O que Chipre nos dá que pensar

A quantidade de euros que Chipre passou a precisar “de repente”, e a origem e os formatos das diversas soluções que surgiram entretanto dão-me muito que pensar. Chipre é muito pequeno para ter impacto... Ou antes, seria, porque num copo cheio uma gota pode ser um desastre.

Em primeiro lugar, quem precisa do dinheiro? O país ou os bancos? Ou é a mesma coisa? É que não está em causa o montante para resolver o problema, 10 ou 15 mil milhões de euros é naturalmente muito dinheiro mas perfeitamente residual no orçamento dos países da comunidade europeia ou mesmo da zona euro. Politicamente, poderão estar em causa coisas como princípios, perda de confiança no sistema, falta de solidariedade ou risco de contágio. Mas em termos económicos é bem mais grave, está em causa conhecermos melhor a fragilidade financeira em que a Europa se encontra.

Um primeiro aspecto curioso é saber como é que os bancos cipriotas, sujeitos a uma supervisão supostamente igual a qualquer outro Banco na Europa, precisam de repente de uma quantidade tão grande de dinheiro.

Tive a curiosidade de ir ver as contas de um dos bancos que está para fechar no âmbito deste processo, o Laiki Bank.
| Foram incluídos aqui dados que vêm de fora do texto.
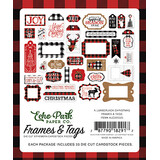 Echo Park A Lumberjack Christmas Ephemera Frames & Tags (ALC220025)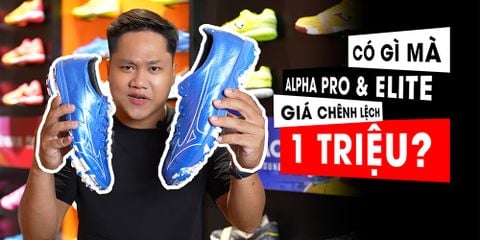 So sánh 2 phiên bản Elite và Pro của dòng giày đá bóng Mizuno Alpha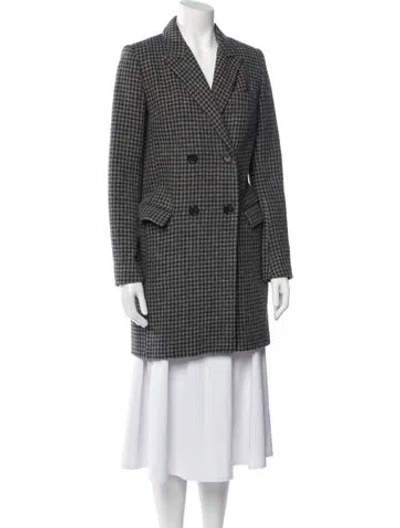 Pre-owned Isabel Marant Étoile Wool Houndstooth Print Blazer In Gray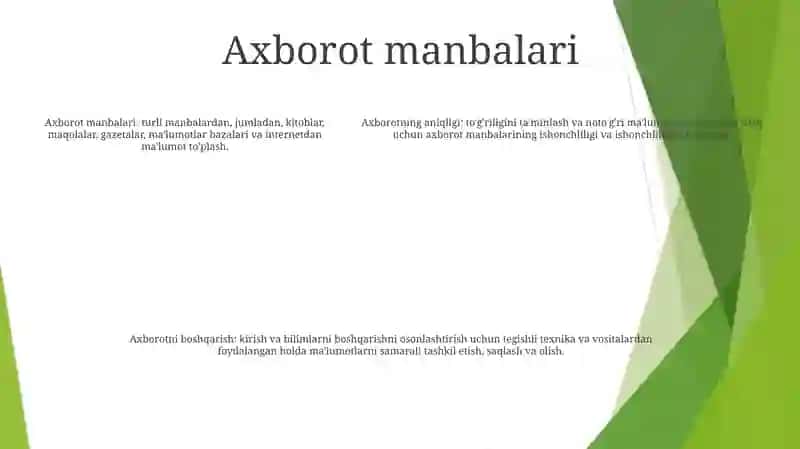 Axbarot Nima Va Uning Manbalari 4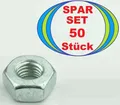 Produktbild: 50 Sechskant Muttern M 10 Gewinde Sechskant Mutter verzinkt DIN 934 Kl. 8, M10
Entre 2007 e 2010 os seus capitais próprios rondavam os 3500 milhões de euros, os resultados vinham a decrescer mas sempre positivos: 563 milhões em 2007, 394 milhões em 2008, 174 milhões em 2009 e 87 milhões em 2010. Houve distribuição anual de dividendos no período em apreço, o valor em depósitos de clientes ia aumentando, chegando em 2010 a 25.500 milhões de euros. Em resumo, parecia à primeira vista um banco sólido, com margens operacionais positivas e um crescimento razoável de recursos.

Quando olhamos para as contas de 2011, quem está habituado a olhar para contas com umas métricas de quem olha para empresas cotadas, os avisos vermelhos são tantos que parece que estamos a olhar para uma árvore de Natal. Os prejuízos em 2011 foram de 3650 milhões de euros, cerca de três vezes o valor dos lucros entre 2007 e 2010, quase a totalidade dos capitais próprios, não fosse o enorme aumento de capital que entretanto foi efectuado em Janeiro do mesmo ano.

A leitura mais cuidada do relatório e contas do Laiki Bank, referente ao exercício de 2011, é muito clara. Em linguagem corrente diz assim: os nossos resultados correntes continuam a ser bons, em linha com os anos anteriores, Chipre fez umas alterações fiscais que precisava e as perspectivas são boas, descobriram-se por aqui novas reservas de gás, o governo vai atribuir umas novas licenças de exploração na EEZ (zona económica exclusiva), os projectos de infra-estruturas ligados com a gestão e exploração dos nossos recursos naturais vão continuar a atrair investidores estrangeiros com evidentes benefícios para vários sectores da nossa economia, incluindo os bancos. O único problema é que este ano foi muito afectado pelas decisões sobre a reestruturação da dívida pública grega, o que tem tornado por estes lados muito difícil a tarefa de criação de alguma riqueza. Por isto mesmo chamámos dois especialistas para avaliarem os nossos activos e, assumindo um cenário de manutenção desta conjuntura negativa, pedimos um cálculo das menos valias potenciais. Ora como eu sou CEO deste grupo desde Dezembro quero tudo direitinho e resolvi registar as imparidades como estes dois 'caramelos' aconselham, em resumo, uma provisão para perdas na nossa carteira de crédito de 1151 milhões de euros... e em relação à divida pública grega, entre o que já sabemos que não vamos receber e a descida no mercado destes papéis, temos que registar um prejuízo de 2830 milhões de euros.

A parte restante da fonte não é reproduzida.